Fu quando sentimmo la barca alzata dalla marea cresciuta fino al monte, che compresi. Quel bussare rabbioso, al legno: poteva essere l’urto d’un tronco battuto dalla corrente, o, più probabile, quello di un animale trascinato sul fondo. Cacciai, lo ricordo, il pensiero che potesse essere mano d’uomo scagliata dalla disperazione, che, per dare forza alla propria preghiera, s’è munita d’un sasso cui affidare la richiesta.
Appresi, allora, di che cosa sono fatte le pareti della prigione del giusto.

Io, patriarca cui Dio ha legato il filo più importante dell’ordito, quello che, solo, si carica della continuità della tela, sono perseguitato da un sogno. Ogni notte, senza fuga possibile.
Quanto è più facile il nemico che arriva da fuori: combattere o fuggire, le regole fondanti di una relazione banale, stabilita su una, binaria, decisione.
Contro, invece, il nemico che arriva dalla profondità dell’io, ho imparato che combattere porta solo l’allungare i tempi necessari a ritrovare il sonno, le volte, rare, in cui questo avviene. Anche fuggire è inutile: più dell’ombra si appiccica, un incubo. Per liberarsi di un’ombra è sufficiente cercare il buio. Il sogno, invece, si nutre di buio e ammorba il sole all’alba che segue.
È così che la notte apprendo di che cosa è fatto il letto della prigione del giusto.

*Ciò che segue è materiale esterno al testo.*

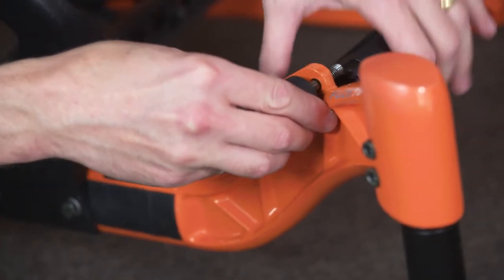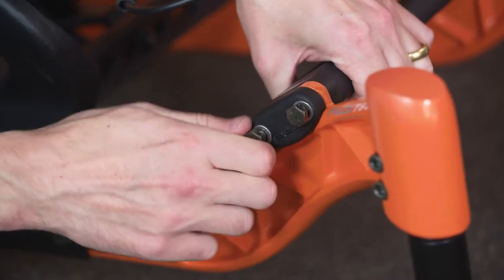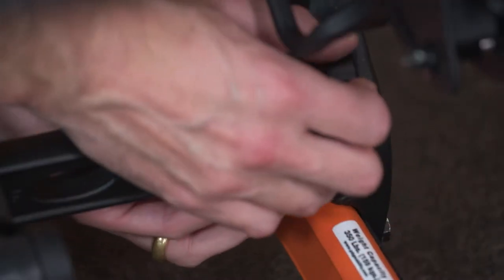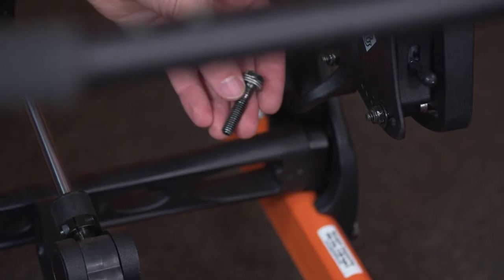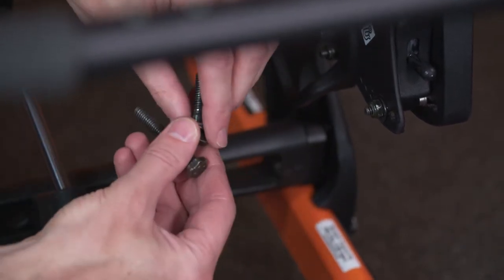Loosely install and tighten each of the fasteners by hand. Take care not to damage the threads in the end of the crossbar. Repeat the process of replacing the fasteners for the lower frame rear crossbar.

Non voglio figli, dopo la grande pioggia. Le cateratte hanno sparso il loro seme di rovina. Io lascio che il seme creatore sia sparso dai figli che avevo già generato. Non è l’età, l’ostacolo: chi sa ancora lavorare la terra e trarne frutto può trarre frutto anche dal ventre d’una donna. Piuttosto, l’aver compreso che per quanto potrei, di nuovo, amare con amore di padre, nessuno dei miei figli saprà mai ascoltare il suono del mondo con tanta, esatta, attenzione. Mai nessuno che non sia quel giovane che vive nel mio sogno, mai nessuno mi porrà le domande per cui, oggi, avrei una risposta.
È così, ora che il sole sorge ed io posso vederlo scalare la sua montagna celeste, seduto al limitare della mia tenda, che apprendo di che cosa sono fatte le sbarre della prigione del giusto: la prigione di chi possiede le risposte alle domande che nessuno gli porgerà più.

4 commenti
  1. Cristina dice:

    Così, hai deciso. Il mio commento serve a poco, se non critica, ma davvero non mi è possibile. Scrivi in modo concorde al mio modo di leggere, in armonia con quanto ho dentro, a volte trattenuto, altre sbandierato in modo indecente. Un rapimento. Questo mi capita. E non credere che sia l’affetto a muovere il commento, piuttosto un rinnovato stupore e un riconoscere che, sì, davvero, quelle parole meritano la possibilità di una pubblicazione e di una e più e molte condivisioni. Però…pensa se si potesse anche annusare su carta!

  2. Piergiorgio Bonardi dice:

    Ciao Luca.
    Certo che a proposito del fatto di “chi fa le cose bene” non ti smentisci neanche offrendo la tua opera in tutti i formati. Io ho un kindle, ergo mi sono scaricato il mobi, non so quando riuscirò a leggerlo a causa di altre letture in corso, ma non appena riesco lo farò certamente, e ti farò sapere. Intanto comunque complimenti a prescindere, per averlo fatto!

  3. Giovanni dice:

    Alla fine della lettura del tuo scritto, ho pensato se scriverti qualcosa oppure no. Non vorrei che il tuo esitare nel pubblicare qualcosa venga amplificato :).
    Già perchè questo racconto è scritto bene, fin troppo per me! Un po’ troppo ritorto su se stesso, troppo cavilloso. D’altra parte sono tante le provocazioni che dai e sotto innumerevoli forme.
    Per cui: bravo! Continua!
    Anche se probabilmente non sarà mai una modalità di scrittura che riuscirò ad apprezzare completamente.
    Ma la mia non è che una piccola goggia! 🙂 Ciao.

  4. Luca Baiguini dice:

    Grazie a tutti, davvero, per i commenti, che mi danno modo di riflettere e trovare strade nuove, forse. Spero “mie”.